Além disso, e como consequência dos próprios danos causados ao funcionário com acúmulo de funções, a reputação da empresa também pode ser afetada pela difusão de tais informações, potencializada pela internet. Isso poderá afastar outros trabalhadores e/ou novos talentos que se sintam acuados por essa situação, ou até mesmo investidores e/ou parceiros que entendam que tais práticas são negativas.
Já em relação a questões mais concretas – que envolvam o contrato de trabalho e a CLT -, a empresa também poderá sofrer grandes prejuízos financeiros.

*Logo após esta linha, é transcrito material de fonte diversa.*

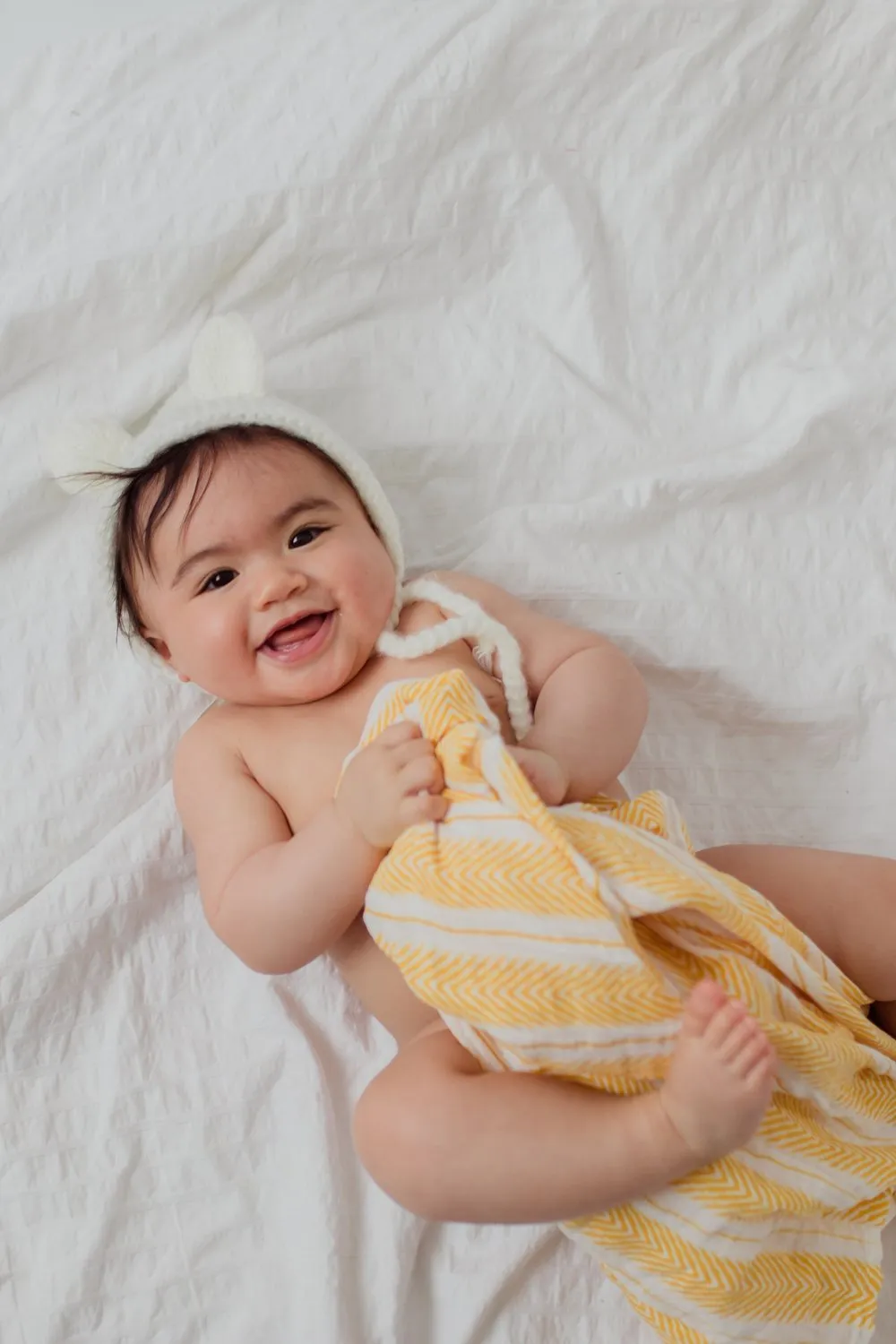 MUSTARD HERRINGBONE SWADDLE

Apesar da CLT não dispor expressamente sobre o acúmulo de funções, a jurisprudência utiliza a legislação que trata indiretamente do assunto (como o art. 468 da CLT) para definir que na ocorrência de acúmulo de funções a um empregado, a empresa poderá ser obrigada a pagar multas e ressarcir o funcionário. Inclusive, isso faz com que a empresa precise alterar sua organização interna por meio de novas contratações, causando uma soma de situações que prejudicam a sua saúde financeira.
Nesse sentido, a referida obrigação de pagamento de multas e ressarcimento ao funcionário poderá ser estipulada por meio de sentença processual, em que o empregado requeira o acréscimo em seu salário em razão do acúmulo de funções. Esse acréscimo salarial poderá se dar entre 10% a 40% do salário base recebido (em analogia à lei 6.615/78 ou podendo ser prevista em Acordos ou Convenções Coletivas de Trabalho), a depender do caso concreto, uma vez que o percentual de acréscimo salarial irá refletir todas as verbas salariais e funções acumuladas pelo funcionário.

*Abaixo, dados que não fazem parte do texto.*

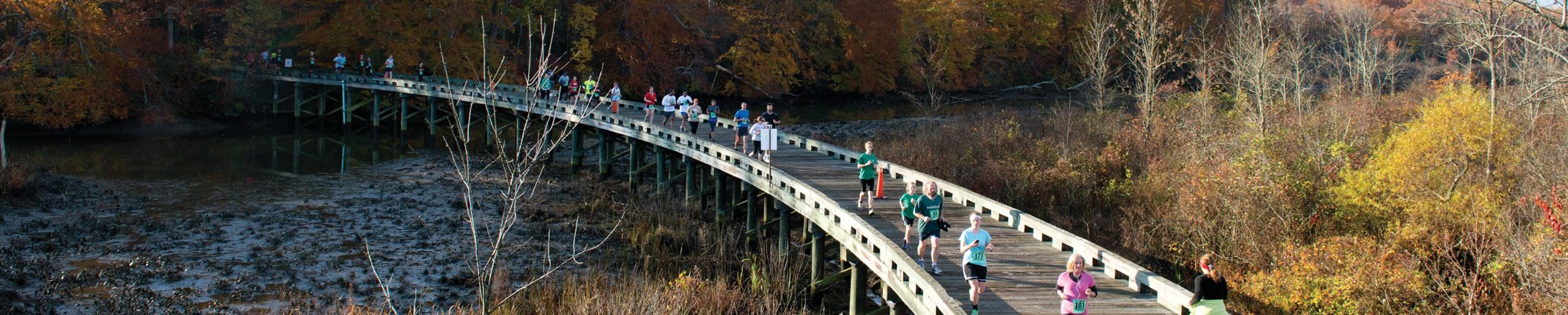 race of men and women running on a pedestrian bridge over a river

Tais requerimentos poderão ser realizados pelo empregado por meio de processo judicial, tendo esse o ônus de provar que acumulava funções na empresa. Isso poderá ser provado por meio da apresentação de trocas de mensagens com os representantes da empresa, atividades exercidas em comparação com a função definida no contrato de trabalho ou na CTPS, testemunhas orais, vídeos, fotografias, etc.
Dessa forma, o empregado poderá solicitar não somente o acréscimo salarial, como também o seu desligamento em razão da falta grave cometida pelo empregador – definido como “rescisão indireta”. Tal situação, fundamentada pelo art. 483, alínea “a”, da CLT, dá ao funcionário o direito de se desligar da empresa de forma semelhante a uma demissão sem justa causa; ou seja, ele manterá todos os seus direitos trabalhistas e deverá receber da empresa a integralidade de todas as verbas rescisórias, inclusive com a aplicação do acréscimo salarial definido em razão do acúmulo de funções.

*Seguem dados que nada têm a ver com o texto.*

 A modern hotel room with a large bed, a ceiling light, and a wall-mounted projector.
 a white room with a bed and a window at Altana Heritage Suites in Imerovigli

Assim, sendo perceptível que o acúmulo de funções impõe diversos malefícios à relação empresarial entre todos os envolvidos, é possível que a empresa tenha práticas preventivas para que o acúmulo não ocorra, mesmo que de forma não intencional.
Como prevenir o acúmulo de funções
Em retrospecto ao primeiro tópico deste artigo, a forma de prevenir a ocorrência do acúmulo de funções é a prática de ações que sejam contrárias àquelas que de fato configurem o acúmulo ao empregado.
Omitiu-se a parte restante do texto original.